I've tried something like this
SELECT
V1, V3, V4, V13
FROM
table
GROUP BY
V1, V3, V4, V13
HAVING
(COUNT (*) = 2)
CodePudding user response:
You can do it by first counting how many values you have for each "V1", "V3", "V4", "V13" fields with the COUNT
window function. Then join back with your original table, though keeping those rows which have count bigger than 1.
WITH cte AS (
SELECT <your_table_identifier_field(s)>,
COUNT(*) OVER(PARTITION BY V1, V3, V4, V13) as cnt
FROM table
)
SELECT *
FROM tab
INNER JOIN cte
ON tab.<your_table_identifier_field(s)> = cte.<your_table_identifier_field(s)>
AND cte.cnt > 1
EDIT: What if there's no specific row identifier?
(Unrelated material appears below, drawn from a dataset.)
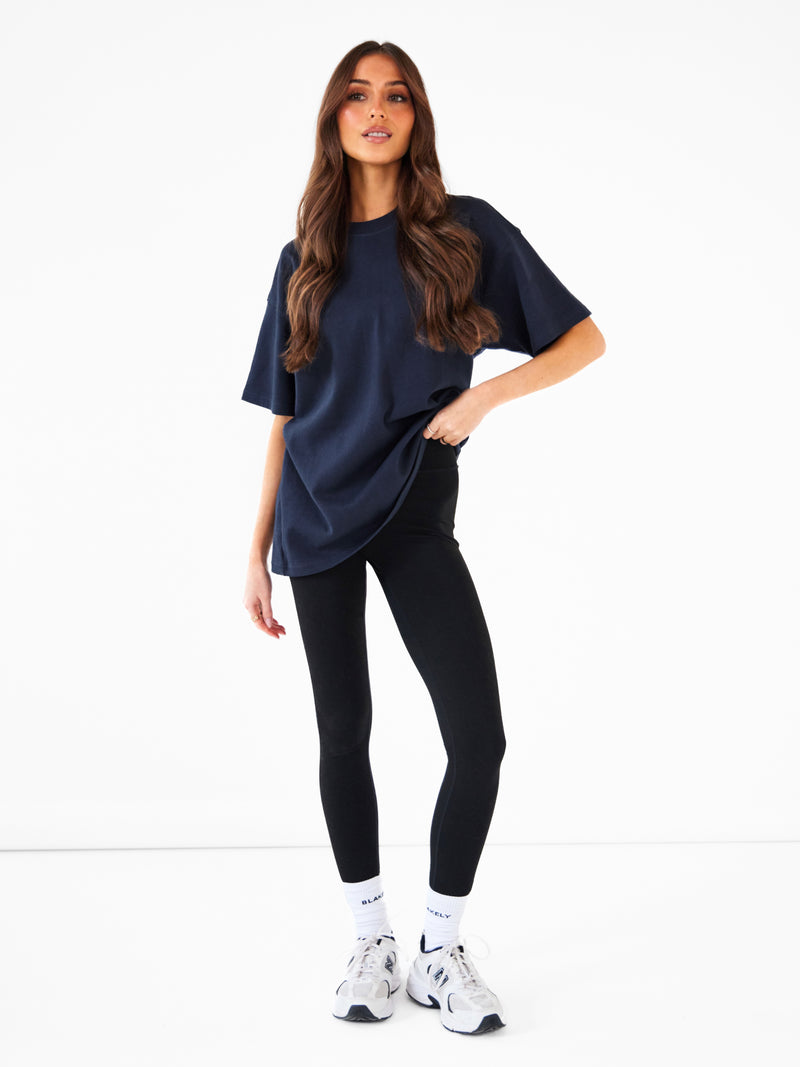 Isabel Oversized T-Shirt - Soft Navy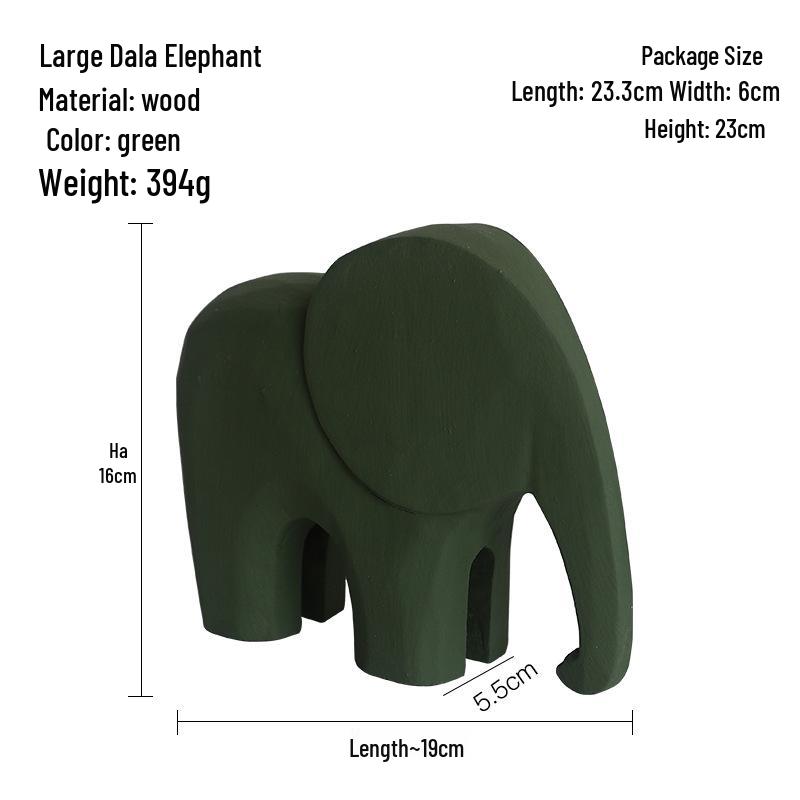 Adorno de Caballo de Madera Estilo Nórdico Morandi para Decoración de Hogar, Oficina o Sala de Estar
You're forced to match all column values then.
WITH cte AS (
SELECT *,
COUNT(*) OVER(PARTITION BY V1, V3, V4, V13) as cnt
FROM table
)
SELECT *
FROM tab
INNER JOIN cte
ON tab.<field1> = cte.<field1>
AND tab.<field2> = cte.<field2>
AND ...
AND cte.cnt > 1
CodePudding user response:
Why over-complicate things? Just take your original query, put it in a CTE and then join the CTE to the original table.
with cte as (
SELECT V1, V3, V4, V13 FROM dbo.table
GROUP BY V1, V3, V4, V13
HAVING COUNT (*) > 1
)
select t1.*
from dbo.table as t1
inner join cte on t1.V1 = cte.V1 and t1.V2 = cte.V2 ...
order by ...
;
I've made some changes to incorporate best practices. Added the schema name (assumed dbo) to your table name, statement terminator, ORDER BY clause (because it usually matters). I changed the HAVING clause since you asked for duplicates which means the count is > 1. Using count = 2 means you are limiting the result to those rows where there are exactly two duplicates. That is a very unusual requirement but change it if needed. Normally I would not use "*" as the column list as it is generally far better to explicitly include the columns you need. I leave that to you as well.
Finally, consider changing your schema to prevent duplicates. That will avoid a lot of future work.